** Source records **
——

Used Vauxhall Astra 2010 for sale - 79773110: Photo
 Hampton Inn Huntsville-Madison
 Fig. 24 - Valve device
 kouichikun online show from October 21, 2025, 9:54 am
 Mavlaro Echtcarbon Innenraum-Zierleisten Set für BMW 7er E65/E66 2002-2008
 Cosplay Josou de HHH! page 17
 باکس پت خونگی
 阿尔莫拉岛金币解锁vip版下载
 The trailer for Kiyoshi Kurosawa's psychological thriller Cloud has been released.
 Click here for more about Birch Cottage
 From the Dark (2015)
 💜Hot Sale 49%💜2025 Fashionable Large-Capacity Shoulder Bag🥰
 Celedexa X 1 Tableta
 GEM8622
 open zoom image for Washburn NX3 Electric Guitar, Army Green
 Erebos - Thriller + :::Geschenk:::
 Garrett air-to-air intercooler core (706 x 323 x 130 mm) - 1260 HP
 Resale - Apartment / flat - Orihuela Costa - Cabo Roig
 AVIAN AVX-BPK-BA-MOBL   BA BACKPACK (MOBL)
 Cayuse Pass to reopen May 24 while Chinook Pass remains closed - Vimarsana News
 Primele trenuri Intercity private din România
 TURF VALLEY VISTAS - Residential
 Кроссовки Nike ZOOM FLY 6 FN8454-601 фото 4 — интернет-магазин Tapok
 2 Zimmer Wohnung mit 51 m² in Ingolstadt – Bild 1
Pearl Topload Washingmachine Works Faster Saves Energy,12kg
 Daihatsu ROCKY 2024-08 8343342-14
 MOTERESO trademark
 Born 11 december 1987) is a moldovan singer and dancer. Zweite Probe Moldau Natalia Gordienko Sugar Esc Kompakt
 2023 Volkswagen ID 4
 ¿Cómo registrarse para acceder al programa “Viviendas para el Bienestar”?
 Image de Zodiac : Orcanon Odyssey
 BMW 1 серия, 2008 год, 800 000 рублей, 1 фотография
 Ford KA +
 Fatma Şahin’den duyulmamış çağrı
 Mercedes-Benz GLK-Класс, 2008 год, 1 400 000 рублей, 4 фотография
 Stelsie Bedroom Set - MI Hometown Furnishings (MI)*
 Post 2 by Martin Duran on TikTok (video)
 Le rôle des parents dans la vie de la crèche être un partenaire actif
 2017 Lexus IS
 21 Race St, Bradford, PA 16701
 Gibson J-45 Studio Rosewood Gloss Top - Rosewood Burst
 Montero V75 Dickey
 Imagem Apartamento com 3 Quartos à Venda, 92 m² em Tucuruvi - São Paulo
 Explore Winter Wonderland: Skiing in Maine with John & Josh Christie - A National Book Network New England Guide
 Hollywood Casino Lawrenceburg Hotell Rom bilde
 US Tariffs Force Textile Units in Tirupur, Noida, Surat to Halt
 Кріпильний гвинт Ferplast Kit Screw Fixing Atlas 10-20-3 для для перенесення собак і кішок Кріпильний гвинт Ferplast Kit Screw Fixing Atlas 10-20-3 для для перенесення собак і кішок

——

** ABOUT THIS TASK **
Recopy the entries above exactly, with every line included.

** RESPONSE AREA **
Used Vauxhall Astra 2010 for sale - 79773110: Photo
 Hampton Inn Huntsville-Madison
 Fig. 24 - Valve device
 kouichikun online show from October 21, 2025, 9:54 am
 Mavlaro Echtcarbon Innenraum-Zierleisten Set für BMW 7er E65/E66 2002-2008
 Cosplay Josou de HHH! page 17
 باکس پت خونگی
 阿尔莫拉岛金币解锁vip版下载
 The trailer for Kiyoshi Kurosawa's psychological thriller Cloud has been released.
 Click here for more about Birch Cottage
 From the Dark (2015)
 💜Hot Sale 49%💜2025 Fashionable Large-Capacity Shoulder Bag🥰
 Celedexa X 1 Tableta
 GEM8622
 open zoom image for Washburn NX3 Electric Guitar, Army Green
 Erebos - Thriller + :::Geschenk:::
 Garrett air-to-air intercooler core (706 x 323 x 130 mm) - 1260 HP
 Resale - Apartment / flat - Orihuela Costa - Cabo Roig
 AVIAN AVX-BPK-BA-MOBL   BA BACKPACK (MOBL)
 Cayuse Pass to reopen May 24 while Chinook Pass remains closed - Vimarsana News
 Primele trenuri Intercity private din România
 TURF VALLEY VISTAS - Residential
 Кроссовки Nike ZOOM FLY 6 FN8454-601 фото 4 — интернет-магазин Tapok
 2 Zimmer Wohnung mit 51 m² in Ingolstadt – Bild 1
Pearl Topload Washingmachine Works Faster Saves Energy,12kg
 Daihatsu ROCKY 2024-08 8343342-14
 MOTERESO trademark
 Born 11 december 1987) is a moldovan singer and dancer. Zweite Probe Moldau Natalia Gordienko Sugar Esc Kompakt
 2023 Volkswagen ID 4
 ¿Cómo registrarse para acceder al programa “Viviendas para el Bienestar”?
 Image de Zodiac : Orcanon Odyssey
 BMW 1 серия, 2008 год, 800 000 рублей, 1 фотография
 Ford KA +
 Fatma Şahin’den duyulmamış çağrı
 Mercedes-Benz GLK-Класс, 2008 год, 1 400 000 рублей, 4 фотография
 Stelsie Bedroom Set - MI Hometown Furnishings (MI)*
 Post 2 by Martin Duran on TikTok (video)
 Le rôle des parents dans la vie de la crèche être un partenaire actif
 2017 Lexus IS
 21 Race St, Bradford, PA 16701
 Gibson J-45 Studio Rosewood Gloss Top - Rosewood Burst
 Montero V75 Dickey
 Imagem Apartamento com 3 Quartos à Venda, 92 m² em Tucuruvi - São Paulo
 Explore Winter Wonderland: Skiing in Maine with John & Josh Christie - A National Book Network New England Guide
 Hollywood Casino Lawrenceburg Hotell Rom bilde
 US Tariffs Force Textile Units in Tirupur, Noida, Surat to Halt
 Кріпильний гвинт Ferplast Kit Screw Fixing Atlas 10-20-3 для для перенесення собак і кішок Кріпильний гвинт Ferplast Kit Screw Fixing Atlas 10-20-3 для для перенесення собак і кішок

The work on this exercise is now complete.